Was man in Zahlen nicht ausdrücken kann: die ehrenamtliche Arbeit für Organisation, Vorbereitung und "Fundraising". Wo andere bei Betrachtung der Landkarte an Urlaub denken, heißt es für die am Projekt Beteiligten siebzig Stunden Arbeit in der Woche bei tropischen Temperaturen, die Bewältigung zwischenmenschlicher Konflikte kulturellen und sprachlichen Ursprungs, das Miterleben politischer Konflikte einer seit achzehn Jahren andauernder Unabhängigkeitsbewegung, mangelnde Infrastruktur für die Administration/Kommunikation, und gleichzeitig der Druck wegen den hohen Erwartungen eine Arbeit "auf europäischem Niveau" erbringen zu müssen.

Offizielle Anerkennung

Als offizielle Anerkennung des Unterrichtsministers hat die Direktorin 1999 eine hohe Auszeichnung bekommen. Der Präsident des Regionalrates der Region, Pascal Manga, und andere hohe Funktionäre haben sich lobend über die Zusammenarbeit ausgesprochen. Einige der Eltern der Absolventinnen waren jedoch misstrauisch, und deuteten das Existenzgründungsdarlehen, dessen Rückzahlungsraten die junge Frauen selbst bestimmen können, zuerst als Schuldenlast. Zwei Jahre nach der Eröffnung des ersten Ateliers, in dem die Absolventinnen selbstständig arbeiten, sind ihre Familien stolz auf die erhöhte gesellschaftliche Stellung der Gruppe in der Stadt. Die acht jungen Frauen arbeiten mit Begeisterung weiter und kommen ihren Kreditrückzahlungen regelmäßig nach.

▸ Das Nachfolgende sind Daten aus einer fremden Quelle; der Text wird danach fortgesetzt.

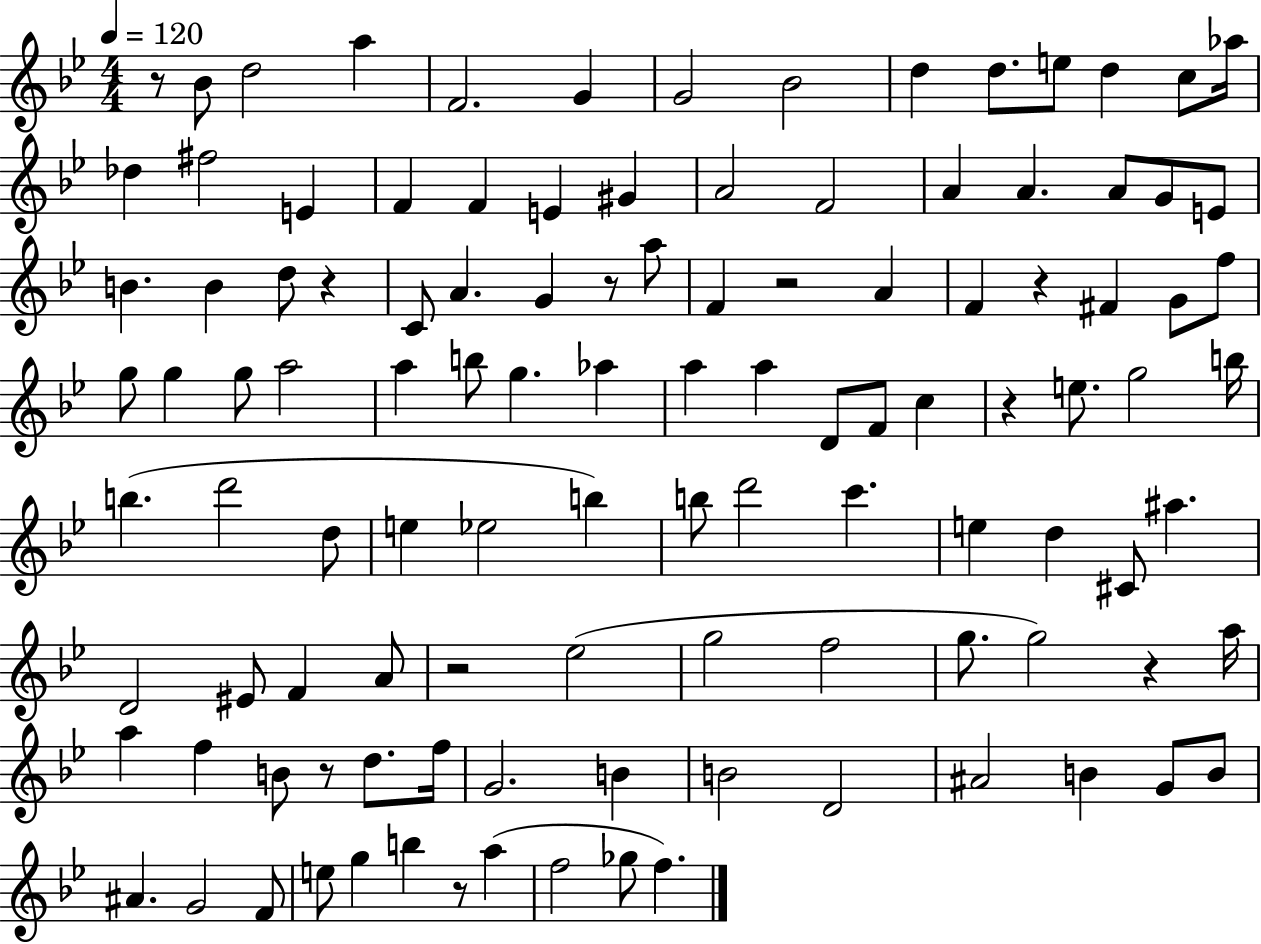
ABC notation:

X:1
T:Untitled
M:4/4
L:1/4
K:Bb
z/2 _B/2 d2 a F2 G G2 _B2 d d/2 e/2 d c/2 _a/4 _d ^f2 E F F E ^G A2 F2 A A A/2 G/2 E/2 B B d/2 z C/2 A G z/2 a/2 F z2 A F z ^F G/2 f/2 g/2 g g/2 a2 a b/2 g _a a a D/2 F/2 c z e/2 g2 b/4 b d'2 d/2 e _e2 b b/2 d'2 c' e d ^C/2 ^a D2 ^E/2 F A/2 z2 _e2 g2 f2 g/2 g2 z a/4 a f B/2 z/2 d/2 f/4 G2 B B2 D2 ^A2 B G/2 B/2 ^A G2 F/2 e/2 g b z/2 a f2 _g/2 f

Ohne dieses Projektes hätten viele von ihnen bestenfalls nach Dakar als Dienstmädchen gehen können.

Der Österreicher Dr. Ornauer, ehemaliger Geschäftsführer einer entwicklungspolitischen Organisation, hat geschrieben: "Der Verein ,AVANCE` hat bewiesen, dass es möglich ist, mit geringen Mitteln, aber großem persönlichen Einsatz ein erfolgreiches Projekt zu initiieren und weiterzuentwickeln."

Der Erfolg hat gewiss einen hohen Preis: die schwierige Umstellung alle paar Monate von einer sozialen auf eine an Konsum orientierte Gesellschaft, die mühsame Wiederaufnahme der selbstständigen Arbeit, der Verlust einiger Kunden und einiger Freunde. Und was steht auf der anderen Seite?

Das Erleben des gegenseitigen Respekts in allen menschlichen Beziehungen, die selbstverständliche Solidarität, die in Europa kaum mehr zu finden ist, die Herausforderung einer schwierigen Aufgabe, die Freude eines verwirklichten Traumes.

Nach insgesamt siebzehn Monaten in Ziguinchor plant der Verein "AVANCE" nun, ein ähnliches Projekt im Norden des Landes, in einer Stadt 70 km von Dakar entfernt, durchzuführen.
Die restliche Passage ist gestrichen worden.